5.2. SF6 Density Relay Calibration
At an ambient temperature of 26.7°, the tank is pressurized to a certain pressure value, and readings are taken from the standard gauge and the test set at least five points, from high to low. At each point, the theoretical value of the dynamometer is calculated using the conversion factor K. The absolute error is then calculated and converted to the full-scale relative error.
Table 5 shows the results of the calibration test for the SF
6 density relay, from which it can be seen that the accuracy of this density relay is within the permissible range.
5.3. Battery Pack Power Consumption Test
The standby current of the test device is 10 µA, and the maximum operating current is 125 mA. The single operating time is about 15 s, resulting in a power consumption of 0.125 × 15/3600 = 0.0052 AH per calibration cycle.
Table 6 shows the power consumption analysis for different calibration frequencies over a 5-year cycle. Therefore, by selecting a suitable lithium-ion battery pack, the device can be fully applied in the field without 220 V AC working power. However, under some extreme temperatures, such as below −40 °C, the internal resistance of the battery will increase to 8 times the normal temperature, the voltage will drop to below 2.7 v, and the capacity will be only 15% of the nominal value.
Finally, the online calibration device for the SF
6 gas density relay based on balance pressure measurement proposed in this paper is comprehensively evaluated in terms of calibration cycle, accuracy error, typical power consumption, usage scenarios, and calibration cost advantages, as shown in
Table 7 below.
The above comprehensive comparison clearly shows the significant advantages of this paper’s equipment in several key performance indicators, providing an efficient, reliable, and cost-effective solution for online calibration of SF6 gas density relays.
6. Conclusions and Limitations
This paper presents an online calibration device based on balance pressure measurement, which is simple in structure, light in weight, and low in power consumption. It can satisfy the calibration task for a long period of time by using a dry battery or a lithium battery, and it is suitable for field installation without a power supply. The calibration process of the SF6 density relay is divided into a self-calibration stage and a SF6 gas pressure measurement and conversion stage. By analyzing the influence of the force-measuring balance, gravity acceleration, the piston area of cylinder, the rubbing friction of cylinder, and the error of the installation verticality on the calibration device, the total synthetic relative error of the calibration device is controlled within 0.38%. According to the simulation results of the temperature balance of the gas chamber formed by the pipeline and the measuring cylinder in extreme cases, the time required to wait for the temperature of the gas inside the measuring cylinder to reach a stable level in the calibration process is not less than 15 s. In addition, according to the power consumption analysis of the device, the suitable lithium battery can be used in a field without a 220 V AC power supply to complete field calibration. The experimental results show that the calibration strategy proposed in this paper can be used to calibrate SF6 density relays effectively.

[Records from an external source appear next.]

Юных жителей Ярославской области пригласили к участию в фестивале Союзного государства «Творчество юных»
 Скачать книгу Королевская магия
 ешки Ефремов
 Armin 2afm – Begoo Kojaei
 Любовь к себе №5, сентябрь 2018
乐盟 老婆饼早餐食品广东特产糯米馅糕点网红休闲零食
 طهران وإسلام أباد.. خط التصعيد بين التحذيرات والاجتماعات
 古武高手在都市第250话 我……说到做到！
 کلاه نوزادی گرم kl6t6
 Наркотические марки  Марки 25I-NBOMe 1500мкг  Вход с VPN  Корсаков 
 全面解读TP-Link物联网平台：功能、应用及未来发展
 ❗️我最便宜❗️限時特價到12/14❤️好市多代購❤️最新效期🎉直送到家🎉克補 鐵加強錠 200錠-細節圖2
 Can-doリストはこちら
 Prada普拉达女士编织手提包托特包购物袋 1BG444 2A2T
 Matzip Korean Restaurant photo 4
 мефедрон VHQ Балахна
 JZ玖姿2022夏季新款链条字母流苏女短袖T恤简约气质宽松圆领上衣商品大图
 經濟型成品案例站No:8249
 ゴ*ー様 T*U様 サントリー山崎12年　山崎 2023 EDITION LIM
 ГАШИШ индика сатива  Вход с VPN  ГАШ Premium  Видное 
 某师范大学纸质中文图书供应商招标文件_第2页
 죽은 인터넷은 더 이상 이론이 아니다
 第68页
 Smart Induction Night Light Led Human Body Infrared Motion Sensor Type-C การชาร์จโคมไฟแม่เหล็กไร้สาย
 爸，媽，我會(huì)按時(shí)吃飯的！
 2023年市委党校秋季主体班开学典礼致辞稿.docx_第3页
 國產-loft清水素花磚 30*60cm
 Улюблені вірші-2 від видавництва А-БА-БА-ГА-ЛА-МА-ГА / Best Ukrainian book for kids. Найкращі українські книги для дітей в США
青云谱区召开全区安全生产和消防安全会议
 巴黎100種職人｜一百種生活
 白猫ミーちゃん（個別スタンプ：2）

However, although the time required for the cylinder gas temperature to reach stability was observed in this study through a simulation model, the temperature fluctuation in the actual environment may be more complicated. In particular, in a scenario of extreme temperature difference or rapid temperature change, the temperature equilibrium time may be prolonged, which affects the calibration efficiency. In addition, the reliability of the device in harsh industrial environments, such as strong vibration, high humidity, or dust, has not been verified. It is hoped that in the future, it will be possible to incorporate machine learning algorithms to predict temperature trends and dynamically correct density values, and develop energy recovery technology to convert kinetic gas energy into electrical energy for storage during pressure relief.